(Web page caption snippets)
'''
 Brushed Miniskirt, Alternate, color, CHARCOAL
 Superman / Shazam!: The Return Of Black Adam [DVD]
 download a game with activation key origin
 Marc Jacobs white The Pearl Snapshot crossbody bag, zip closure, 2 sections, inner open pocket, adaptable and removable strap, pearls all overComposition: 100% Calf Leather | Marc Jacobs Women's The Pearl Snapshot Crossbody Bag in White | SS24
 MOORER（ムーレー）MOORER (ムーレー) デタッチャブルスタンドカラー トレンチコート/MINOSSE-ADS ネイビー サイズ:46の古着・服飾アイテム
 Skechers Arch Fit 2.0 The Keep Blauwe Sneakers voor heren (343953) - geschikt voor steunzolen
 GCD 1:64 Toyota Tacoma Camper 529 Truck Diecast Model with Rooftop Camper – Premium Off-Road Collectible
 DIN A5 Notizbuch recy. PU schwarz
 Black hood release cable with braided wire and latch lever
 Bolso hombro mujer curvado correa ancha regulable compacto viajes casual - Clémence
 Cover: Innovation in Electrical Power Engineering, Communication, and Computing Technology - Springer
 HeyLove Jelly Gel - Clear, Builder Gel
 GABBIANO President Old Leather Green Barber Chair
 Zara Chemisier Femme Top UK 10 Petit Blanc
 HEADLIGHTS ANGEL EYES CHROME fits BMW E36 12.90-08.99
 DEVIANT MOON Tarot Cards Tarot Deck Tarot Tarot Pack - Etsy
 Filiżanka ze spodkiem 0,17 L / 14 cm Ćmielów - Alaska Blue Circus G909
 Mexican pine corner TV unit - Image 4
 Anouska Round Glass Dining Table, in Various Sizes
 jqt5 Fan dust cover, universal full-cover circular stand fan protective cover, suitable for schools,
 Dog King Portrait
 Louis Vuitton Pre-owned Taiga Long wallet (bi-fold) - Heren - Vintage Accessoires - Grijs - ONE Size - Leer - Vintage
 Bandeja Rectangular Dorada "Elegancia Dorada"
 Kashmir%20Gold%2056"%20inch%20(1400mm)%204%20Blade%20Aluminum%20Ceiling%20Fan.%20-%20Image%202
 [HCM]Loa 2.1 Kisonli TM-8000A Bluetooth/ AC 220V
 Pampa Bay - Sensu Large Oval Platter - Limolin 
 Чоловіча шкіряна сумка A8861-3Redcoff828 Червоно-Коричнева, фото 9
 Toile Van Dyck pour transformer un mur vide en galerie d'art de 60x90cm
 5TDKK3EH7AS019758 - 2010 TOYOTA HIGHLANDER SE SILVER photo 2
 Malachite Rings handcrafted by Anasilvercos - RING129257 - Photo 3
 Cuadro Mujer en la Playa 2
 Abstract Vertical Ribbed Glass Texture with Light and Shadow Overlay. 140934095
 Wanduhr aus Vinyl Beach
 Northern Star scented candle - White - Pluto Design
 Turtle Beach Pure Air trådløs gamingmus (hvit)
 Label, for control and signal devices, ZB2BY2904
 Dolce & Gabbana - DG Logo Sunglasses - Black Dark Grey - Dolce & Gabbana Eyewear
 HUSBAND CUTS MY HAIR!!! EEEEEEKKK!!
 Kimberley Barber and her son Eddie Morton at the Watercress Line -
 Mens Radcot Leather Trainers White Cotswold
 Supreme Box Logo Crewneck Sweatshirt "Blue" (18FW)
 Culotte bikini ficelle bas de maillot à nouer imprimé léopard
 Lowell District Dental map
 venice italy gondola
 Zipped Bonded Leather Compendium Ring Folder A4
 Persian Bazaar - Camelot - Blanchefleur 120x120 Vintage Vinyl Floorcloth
'''
The problem
All that is wanted is an exact copy of the lines above from the one with "jqt5 Fan dust" through the one with "Pampa Bay - Sensu", with both ends included.

Written response
 jqt5 Fan dust cover, universal full-cover circular stand fan protective cover, suitable for schools,
 Dog King Portrait
 Louis Vuitton Pre-owned Taiga Long wallet (bi-fold) - Heren - Vintage Accessoires - Grijs - ONE Size - Leer - Vintage
 Bandeja Rectangular Dorada "Elegancia Dorada"
 Kashmir%20Gold%2056"%20inch%20(1400mm)%204%20Blade%20Aluminum%20Ceiling%20Fan.%20-%20Image%202
 [HCM]Loa 2.1 Kisonli TM-8000A Bluetooth/ AC 220V
 Pampa Bay - Sensu Large Oval Platter - Limolin 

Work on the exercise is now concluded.